If we can increase that from 1 percent to regional averages, about 4 percent of GDP, alongside strategic investments in agriculture, mining, manufacturing, and energy – including in coal – we could end dependency overnight.
The Mtwara Corridor alone holds enough coal reserves to power East Africa. Tanzania’s avocado exports hit $73 million in 2023—a figure that could multiply tenfold with irrigation and processing hubs. Yet USAID prioritises “gender workshops” over agro-industrial zones.
On our side, we need to review our approach to philanthropy. Tanzania hosts over 8,000 NGOs, but most are inept and unsustainable.
It is not uncommon to find an NGO boasting an extensive network of members, but they cannot pay even a couple of employees without foreign grants.
The writings have been on the wall for years. Covid-19 exposed this fragility even further: When Western funds dried up, many NGOs collapsed. Dependency tends to kill innovation.
Trump’s freeze is a wake-up call. While USAID sold itself as Africa’s lifeline, in reality, it’s America’s tool for geopolitical relevance.
Africa doesn’t need lectures on climate change from polluters, gender theories from Western liberals, or aid that enriches Western consultants.

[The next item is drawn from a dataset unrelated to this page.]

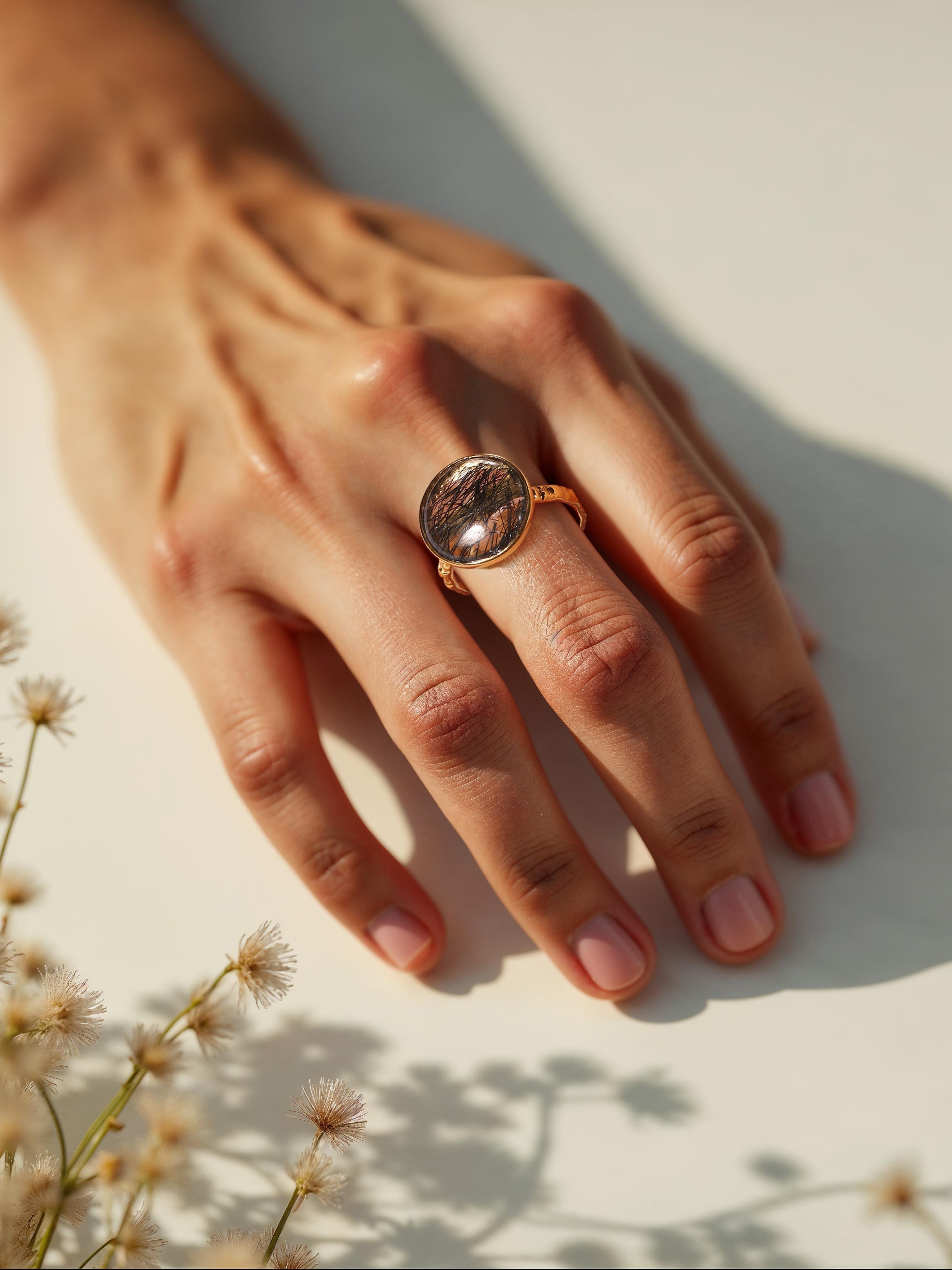 surya - Rutilated Quartz Sun Ring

We have the resources. What we lack is the leadership and the audacity to say: Enough.
Let Trump defund USAID. Let him “Put America first.” He is the American President after all.
Meanwhile, let us respond by putting Tanzania first: let’s build coal plants, iron mines, railways, and avocado empires of notice.
By the time the US ends its internal political squabbles, we would have moved on—free to pursue our agenda without sanctimonious lectures about issues which even Westerners themselves are fighting about.
Trump is good for Africa in so many ways.